I won't go into all the evidence that persuades some scientists that this is the case. But it includes physical conditions like our mostly hairless bodies and the relatively large head-to-body ratio that mature primates lose; and it includes psychological conditions like the persisting desire to learn (which other primates lose at an early age), and the lifelong need many of us have for a stern but loving "parent figure." You can extrapolate the political and religious implications there yourself.
Adulthood for humans has been generally summarized for most of us in the biblical verse from 1 Corinthians: "When I was a child, I spake as a child, I understood as a child, I thought as a child; but when I became a man, I put away childish things." I don't know about you, but I raised two children, and was amazed -- horrified, actually -- at how the process of indoctrination we call "growing up" amounted to encouraging our kids, with materialistic carrots and sticks, to put away their curiosity, their eagerness to question, their desire to understand everything, their undisciplined but eager creativity. They retained some of it, of course, despite the best efforts of a politically driven education system, and remain maladjusted to that extent.
But what was picked up in place of what was put away? Is an adult just a non-child, one who has put aside the things that make humans interesting? The discourse in 1 Corinthians avoids that question; the next verse begins, "For now we see as through a glass, darkly." Indeed. Change the subject.
Back to "Operation Migration": Does it work? The short answer is yes; we won't know the long answer for a long time. Winter before last, a sedge of whooping cranes followed the funny little airplane all the way to a winter ground in Florida -- 30-mile days, with cooperating farmers lined up all the way -- and made it back to a Wisconsin breeding area for the summer. The population should grow, with the cranes taking care of one egg and humans taking care of the other. Theoretically, the mature whoopers will eventually take over for the airplane, and if their Florida home doesn't get subdivided, they might even begin to thrive again.

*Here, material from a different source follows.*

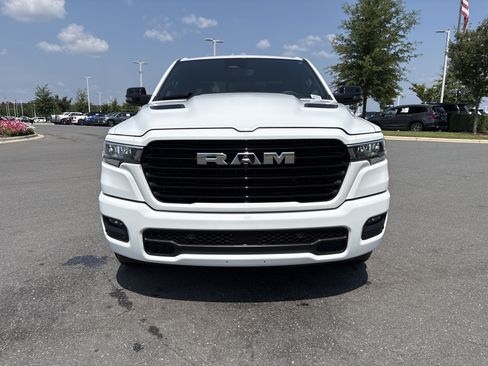 Used 2025 RAM 1500 Laramie w/ Sport Appearance Package AWD/4WD image 3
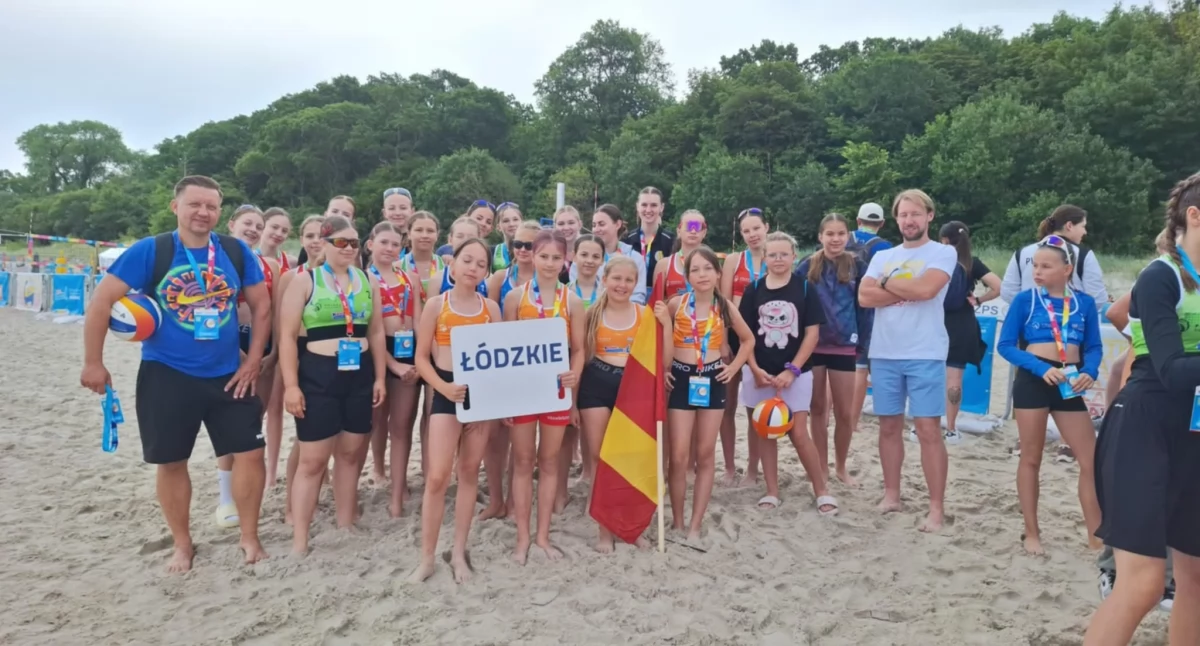 Młode siatkarki z WKS Wieluń walczą o mistrzostwo Polski na plaży w Kołobrzegu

So there is something that works, sort of -- for cranes. I am Homo sapiens sapiens, thinking, thinking about how we might invest our big brains to help ourselves the way we are able to help the cranes. Well, my analogy just cracked, I think; I was about to say: "the way we are able to help the cranes invest their big wings in a fundamentally incomprehensible (some might say ridiculous) transcontinental flight to breed in a cold place they won't stay in long before flying back. ..." Is the adult state of Homo sapiens sapiens going to be something like that? Something that -- cranish? It's worked for the cranes for a long time. Does it matter that it is only beautiful?
The cranish people at least provide an alternative of sorts. Should I, should we, continue to follow these serious alpha types who thrust themselves upon us, insist that we let them lead, but whose sense of adulthood seems to be St. Paul crossed with the playground bully we learned as children to edge our way around? Or should we hang with cranish people who apply wonderful imagination to ideas for saving cranes from the rest of us? Between those extremes, who should we look to -- where is "the superman," the "ubermensch," the "oversoul"? Where do we go for the next us?
Maybe Paul Simon said it best: Still cranish, after all these years.